**Exercise goal**
Transcribe every line of the material below without change, apart from dropping the pictures.

**Given material**
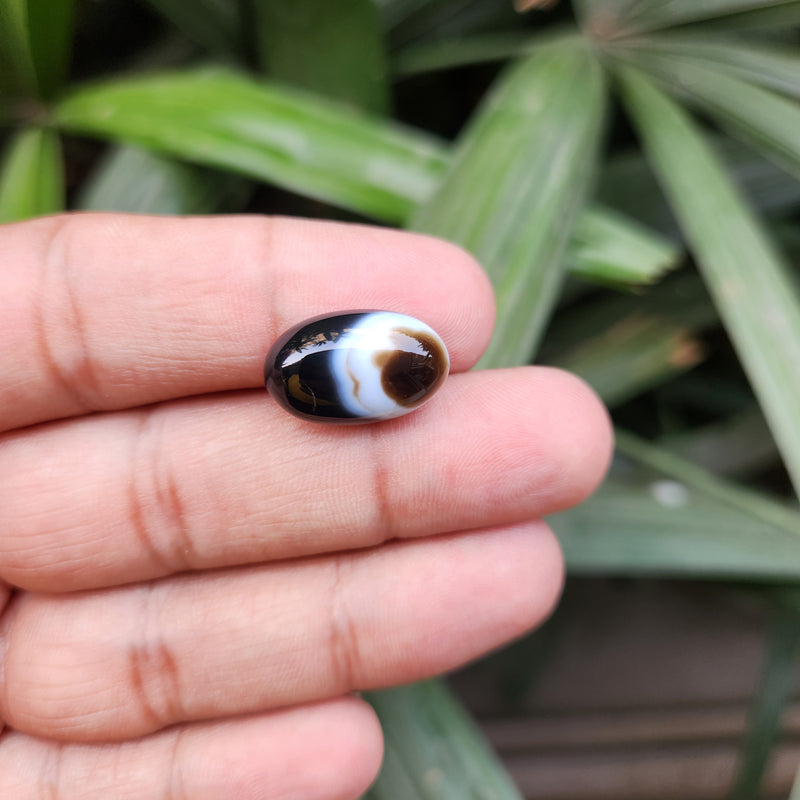 Sulemani  Hakik Stone- 12.70 Carat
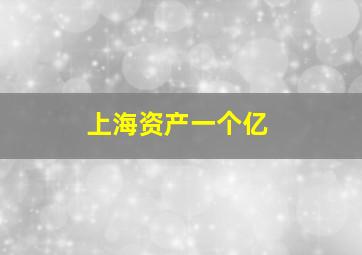 上海资产一个亿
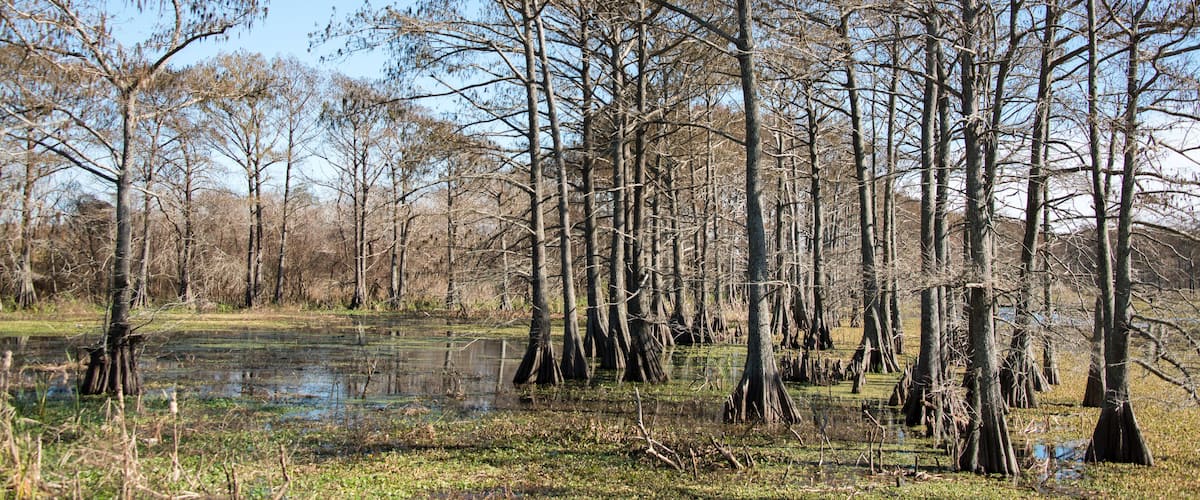 Trinity River Island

**Output of the exercise**
 Sulemani  Hakik Stone- 12.70 Carat
 上海资产一个亿
 Trinity River Island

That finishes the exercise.